Des rencontres qui marquent
Parmi les moments qui l’ont le plus marquée, Sophie se souvient d’un marché de Noël organisé avec des réfugiées ukrainiennes. Ce jour-là, elle demande à Polina comment elle va. D’ordinaire souriante et combative, la jeune femme lui répond simplement : « Ça va… mais ma fille est au front. » Quelques instants plus tard, des visiteurs arrivent sur le stand. Polina retrouve son sourire, comme si tout allait bien.

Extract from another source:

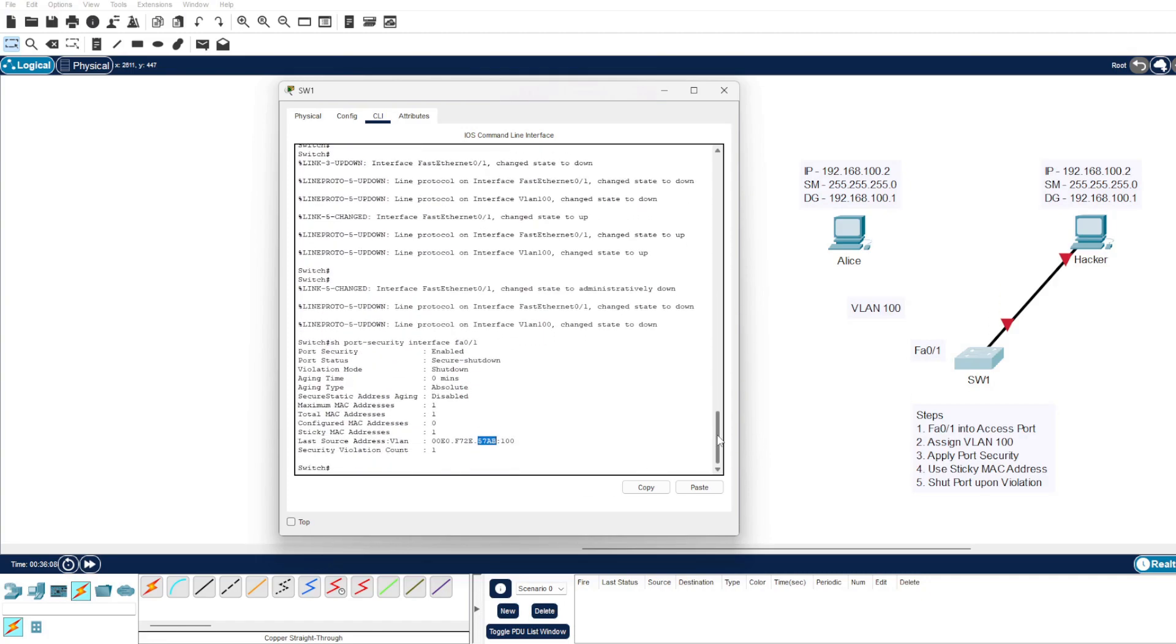And there you go guys, just a quick tutorial on switchport port security.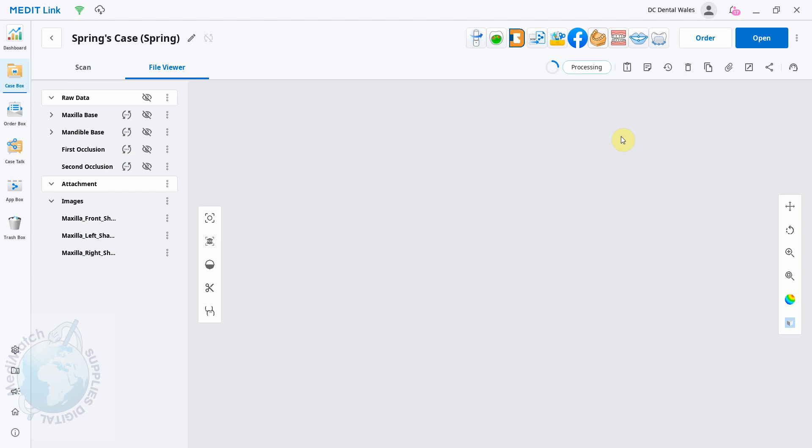picture of the shade you're working with. As always, please go to medimatch.co.uk for all your scanning needs, and thanks for watching.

Sophie, elle, a du mal à retenir son émotion.
Se sentir utile
Ce qui la pousse à continuer ? La cause, bien sûr, mais aussi le sentiment d’être utile.
« Je tente ma chance pour décrocher des dons… et finalement, assez souvent, cela fonctionne », confie-t-elle.
Cet engagement prend une grande place dans son quotidien. Une partie de son temps libre y est consacré, même pendant les week-ends et les vacances. Mais au fil du temps, l’équipe s’agrandit et l’organisation se structure. Un infographiste réalise désormais les visuels et une étudiante participe à la rédaction de certains posts. De quoi libérer un peu de temps pour développer de nouveaux projets, comme une petite exposition destinée à faire découvrir la culture ukrainienne, ou encore des portraits de réfugiées.
La solidarité comme moteur
Cette expérience lui a permis de découvrir la force du peuple ukrainien, qu’elle décrit comme profondément résilient. Elle évoque aussi les bénévoles qu’elle côtoie : « de très belles personnes », animées par la même envie d’aider. Son métier dans la communication lui est précieux pour porter les actions de l’association. Mais il lui a fallu appréhender aussi de nouveaux domaines : le mécénat, l’organisation d’événements, le recrutement de bénévoles ou encore le graphisme...
Une chaîne de solidarité inattendue
Parfois, un simple message peut déclencher une chaîne d’entraide impressionnante.
En février, l’association envoie en Ukraine une ambulance offerte par la Croix-Rouge de Pontarlier. Après avoir communiqué sur l’opération, Sophie est contactée par la Croix-Rouge de Paris, qui propose un autre véhicule nécessitant une petite réparation. Impossible pour UKRaide d’aller le chercher. Elle prend contact avec une association en région parisienne, la solution est trouvée : l’ambulance part finalement, elle aussi, en Ukraine.
« Il existe toute une chaîne de solidarité incroyable », souligne Sophie.
Continuer à agir
L’association poursuivra l’envoi de convois et l’organisation d’événements solidaires aussi longtemps que nécessaire. Parmi les rendez-vous prévus : un trail solidaire le 25 avril, des animations à Planoise tout au long du mois de mai, ou encore des manifestations à Pirey, Fontain et ailleurs.
Et si elle devait transmettre un message à celles et ceux qui hésitent à s’engager ?
Pas de leçon, simplement une conviction : donner un peu de son temps, pour l’Ukraine ou pour une autre cause, est une expérience profondément enrichissante. Dans un monde qui lui semble parfois gagné par le repli et l’individualisme, Sophie Muraccioli préfère continuer à croire à la solidarité. Et surtout, à la faire vivre.